Northern youth just fodder for Tories’ campaign

Posted on August 21, 2015 in Governance Debates – Opinion/Column
August 19, 2015.   Madeline Ashby

Prime Minister Stephen Harper has promised, if re-elected, to expand the Junior Canadian Rangers by 15% to a force of 5,000.

They will also receive shiny new guns: a .308-calibre Winchester rifle called the C-19, based on an existing Sako compact tactical rifle design but built under licence by Colt Canada. Those Junior Rangers currently carrying Lee Enfield rifles will be allowed to keep them, as “a symbol of our nation’s gratitude for their dedication and commitment.”

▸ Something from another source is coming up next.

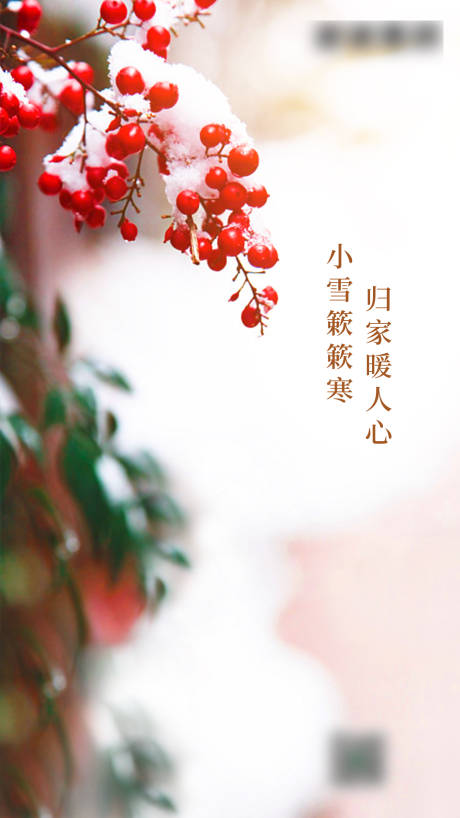 源文件下载【小雪海报】编号：40690001960651641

This expansion, and the rifle replacement program, are part of the Conservative government’s Northern Strategy, whose goal is “helping the North realize its true potential as a healthy, prosperous and secure region within a strong and sovereign Canada.”

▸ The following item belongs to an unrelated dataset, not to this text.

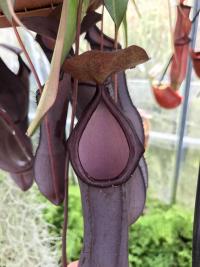 An adult Nepenthes sanguinea, with beautiful deep purple pitchers. I really like this species.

Arctic sovereignty has been a plank in the Conservative platform for a number of years, now. As Harper himself said, “We share the Arctic with a hostile state, unconcerned with international norms such as respect for territorial integrity . . . Justin Trudeau’s alarming naïveté, and Thomas Mulcair’s dangerously ideological foreign policy, mean that they simply aren’t prepared to keep Canada safe.”

Presumably, arming a group of 12-18 year-olds and asking them to work alongside seasoned adults as scouts is the answer.

Now, there’s nothing inherently wrong with the Junior Canadian Rangers program.

In fact, teaching kids how to operate guns, snowmobiles and other dangerous pieces of equipment safely, as well as how to survive in the wilderness, is a pretty great idea. That so many of the youth who participate are aboriginal is even better: many JCR cadet patrols focus on preserving aspects of “traditional” aboriginal life local to their areas. (What this means varies by area.) And the JCR is undivided by gender. Boys and girls participate in training together.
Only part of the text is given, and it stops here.